[INSTRUCTIONS FOR THE TASK] Starting at the line that holds "Clema Siguranțe Cilindrice" and stopping at the line that holds "Chien Shiba Inu", restate the records below word for word, with both of those lines included.

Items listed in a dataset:
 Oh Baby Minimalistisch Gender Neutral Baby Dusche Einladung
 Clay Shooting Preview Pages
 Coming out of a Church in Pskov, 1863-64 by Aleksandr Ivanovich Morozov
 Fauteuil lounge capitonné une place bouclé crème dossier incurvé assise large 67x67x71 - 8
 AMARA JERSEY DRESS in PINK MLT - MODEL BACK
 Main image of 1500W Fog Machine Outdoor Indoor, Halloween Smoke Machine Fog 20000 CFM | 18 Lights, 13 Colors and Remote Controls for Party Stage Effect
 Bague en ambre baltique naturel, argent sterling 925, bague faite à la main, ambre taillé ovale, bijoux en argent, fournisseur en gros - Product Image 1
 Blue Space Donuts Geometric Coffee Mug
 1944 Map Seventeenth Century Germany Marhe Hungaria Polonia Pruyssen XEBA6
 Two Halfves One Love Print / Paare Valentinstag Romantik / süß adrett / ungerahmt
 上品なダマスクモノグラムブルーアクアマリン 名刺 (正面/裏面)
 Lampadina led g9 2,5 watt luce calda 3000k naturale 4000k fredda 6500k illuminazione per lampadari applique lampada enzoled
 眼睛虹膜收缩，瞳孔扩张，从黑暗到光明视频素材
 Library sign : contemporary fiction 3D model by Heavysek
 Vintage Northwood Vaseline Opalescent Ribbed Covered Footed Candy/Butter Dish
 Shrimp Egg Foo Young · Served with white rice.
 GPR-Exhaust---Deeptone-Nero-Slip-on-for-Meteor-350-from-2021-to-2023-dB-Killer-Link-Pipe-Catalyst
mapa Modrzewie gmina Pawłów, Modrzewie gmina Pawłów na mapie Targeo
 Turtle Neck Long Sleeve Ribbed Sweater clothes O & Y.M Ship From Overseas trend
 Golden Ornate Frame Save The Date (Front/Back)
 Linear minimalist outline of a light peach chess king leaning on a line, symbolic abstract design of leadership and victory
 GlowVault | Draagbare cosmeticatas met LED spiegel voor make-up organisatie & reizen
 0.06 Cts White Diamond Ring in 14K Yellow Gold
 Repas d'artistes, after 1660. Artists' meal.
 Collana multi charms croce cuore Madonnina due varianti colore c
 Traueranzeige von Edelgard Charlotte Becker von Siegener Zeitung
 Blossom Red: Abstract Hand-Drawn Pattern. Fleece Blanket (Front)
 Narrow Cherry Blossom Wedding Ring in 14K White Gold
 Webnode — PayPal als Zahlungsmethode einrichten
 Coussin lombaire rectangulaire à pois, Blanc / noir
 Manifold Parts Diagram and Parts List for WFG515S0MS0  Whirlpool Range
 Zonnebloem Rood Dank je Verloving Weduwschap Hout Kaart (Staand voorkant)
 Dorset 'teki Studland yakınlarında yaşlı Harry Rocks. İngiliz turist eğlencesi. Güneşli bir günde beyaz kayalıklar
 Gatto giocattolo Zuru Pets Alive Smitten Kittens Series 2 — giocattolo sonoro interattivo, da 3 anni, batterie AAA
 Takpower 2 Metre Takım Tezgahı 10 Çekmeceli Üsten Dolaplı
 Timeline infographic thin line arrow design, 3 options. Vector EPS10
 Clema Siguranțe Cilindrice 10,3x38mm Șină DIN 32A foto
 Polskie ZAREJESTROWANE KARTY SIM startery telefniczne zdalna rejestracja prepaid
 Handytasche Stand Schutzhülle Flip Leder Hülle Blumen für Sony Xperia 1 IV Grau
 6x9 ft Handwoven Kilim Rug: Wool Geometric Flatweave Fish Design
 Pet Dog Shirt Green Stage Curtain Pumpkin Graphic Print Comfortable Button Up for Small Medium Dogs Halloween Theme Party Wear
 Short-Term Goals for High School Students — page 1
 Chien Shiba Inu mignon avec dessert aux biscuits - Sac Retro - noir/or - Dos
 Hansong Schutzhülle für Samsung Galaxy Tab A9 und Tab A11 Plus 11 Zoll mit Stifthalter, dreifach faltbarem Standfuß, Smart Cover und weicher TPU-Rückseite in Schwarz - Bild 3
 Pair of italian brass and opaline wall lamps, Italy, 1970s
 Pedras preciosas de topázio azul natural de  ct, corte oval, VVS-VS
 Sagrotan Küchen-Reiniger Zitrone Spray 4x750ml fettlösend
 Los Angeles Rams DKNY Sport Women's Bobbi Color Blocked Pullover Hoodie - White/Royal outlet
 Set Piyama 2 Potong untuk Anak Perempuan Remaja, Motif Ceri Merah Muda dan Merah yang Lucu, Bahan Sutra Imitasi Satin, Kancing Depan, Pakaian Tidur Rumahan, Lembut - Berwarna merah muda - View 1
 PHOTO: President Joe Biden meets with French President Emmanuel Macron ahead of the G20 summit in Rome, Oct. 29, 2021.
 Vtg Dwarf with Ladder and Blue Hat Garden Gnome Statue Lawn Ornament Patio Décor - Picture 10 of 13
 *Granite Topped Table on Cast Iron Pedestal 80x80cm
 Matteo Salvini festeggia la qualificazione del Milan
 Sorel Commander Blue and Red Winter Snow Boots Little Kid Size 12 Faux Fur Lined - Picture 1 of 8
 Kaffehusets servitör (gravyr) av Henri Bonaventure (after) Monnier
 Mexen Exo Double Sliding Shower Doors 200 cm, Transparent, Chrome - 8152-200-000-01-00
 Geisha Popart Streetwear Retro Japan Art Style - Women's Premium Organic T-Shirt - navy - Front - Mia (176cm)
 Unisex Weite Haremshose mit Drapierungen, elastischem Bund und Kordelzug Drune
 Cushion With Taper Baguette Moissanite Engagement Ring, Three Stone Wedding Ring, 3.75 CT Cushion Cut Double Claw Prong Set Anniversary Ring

[COMPLETED TASK]
 Clema Siguranțe Cilindrice 10,3x38mm Șină DIN 32A foto
 Polskie ZAREJESTROWANE KARTY SIM startery telefniczne zdalna rejestracja prepaid
 Handytasche Stand Schutzhülle Flip Leder Hülle Blumen für Sony Xperia 1 IV Grau
 6x9 ft Handwoven Kilim Rug: Wool Geometric Flatweave Fish Design
 Pet Dog Shirt Green Stage Curtain Pumpkin Graphic Print Comfortable Button Up for Small Medium Dogs Halloween Theme Party Wear
 Short-Term Goals for High School Students — page 1
 Chien Shiba Inu mignon avec dessert aux biscuits - Sac Retro - noir/or - Dos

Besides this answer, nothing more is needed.